Washington was Sunday engaged in a diplomatic offensive at home and abroad with U.S. President Barack Obama gearing for an all-out push to persuade skeptical Americans to back strikes against the Syrian regime.
With U.S. lawmakers returning Monday from a summer break and set to debate whether to approve limited U.S. military action in Syria, a crucial week looms for America with the U.S. commander-in-chief facing a defining moment in his two-term presidency.
Secretary of State John Kerry Sunday continued a diplomatic offensive in Europe to lay out the case against Syrian President Bashar al-Assad, accused of unleashing chemical weapons against his people last month, as the U.S. also seeks to build global support for U.S. strikes.
Assad, in a rare interview with a U.S. network, denied ordering the suspected August 21 attack on a Damascus suburb, and issued a veiled warning to the American people not to become militarily involved in the rebellion against him which has cost some 100,000 lives since it erupted in March 2011.
But after talks with Arab League leaders in Paris, U.S. Secretary of State John Kerry said: “All of us agree, not one dissenter, that Assad’s deplorable use of chemical weapons... crosses an international global red line.”
Kerry said a number of Arab countries were willing to sign a statement agreed by 12 countries of the G20 that called for a “strong” reaction to the alleged attack.
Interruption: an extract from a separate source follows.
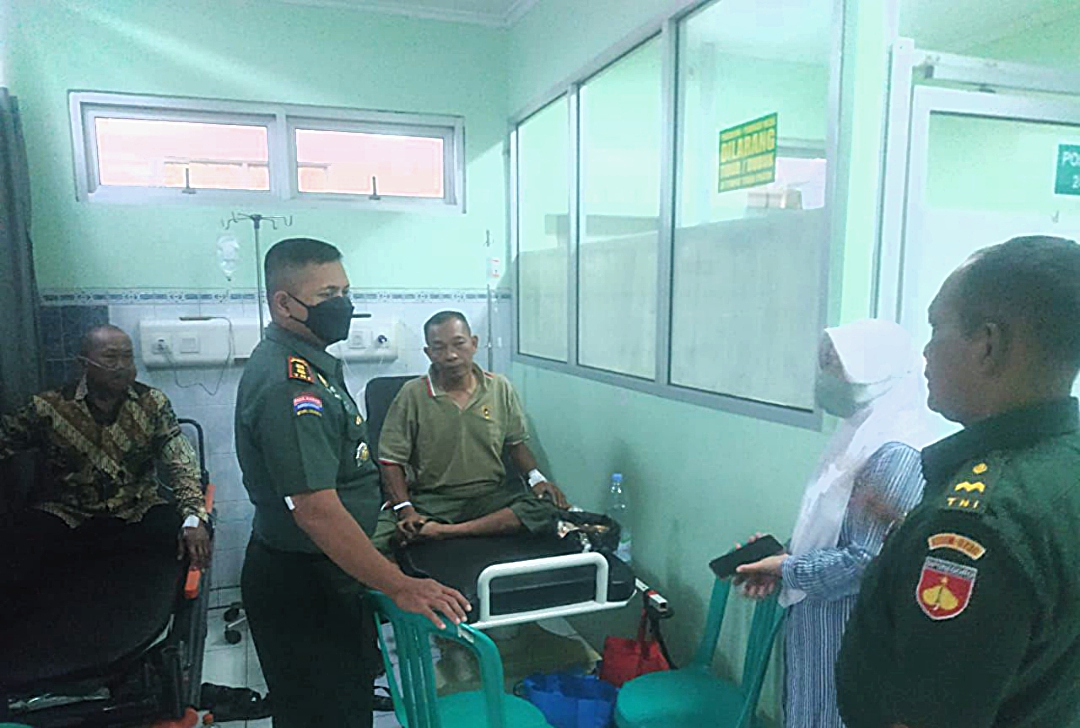 Dandim 0736/Batang, Anggota Merupakan Prioritas Menjadi Perhatian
“Today we discussed the possible and necessary measures that can be taken,” he said, adding Saudi Arabia was among those who had signed on.
“They have supported the strike and they have supported taking action,” Kerry said.
After winning only limited global backing though at last week’s G20 summit, Obama will blitz U.S. networks on Monday evening before addressing the American people from the Oval Office on Tuesday aiming to lay out the case to deepen U.S. involvement in a two-year-old war which has claimed over 100,000 lives.
The stakes are high, with Obama far from guaranteed of winning a green light from Congress, amid American fears of being dragged deeper into the conflict and the risk of dangerous repercussions for allies such as Israel, which on Sunday deployed its Iron Dome missile defense system west of Jerusalem.
It remains unclear whether Obama would decide to go it alone if he fails to win congressional approval.
While a resolution for a military strike is likely to pass the Senate controlled by Obama’s Democrats, according to a Washington Post survey some 224 of the current 433 members of the Republican dominated House were either “no” or “leaning no” on military action as of Friday. A large number, 184, were undecided, with just 25 backing a strike.
Assad on Sunday warned that as Syria braces for military action, there could be a bitter consequences. “There’s no evidence that I used chemical weapons against my own people,” he reportedly told CBS television, in the interview to be aired Monday.
And he said he “had a message to the American people that it had not been a good experience for them to get involved in the Middle East in wars and conflicts.”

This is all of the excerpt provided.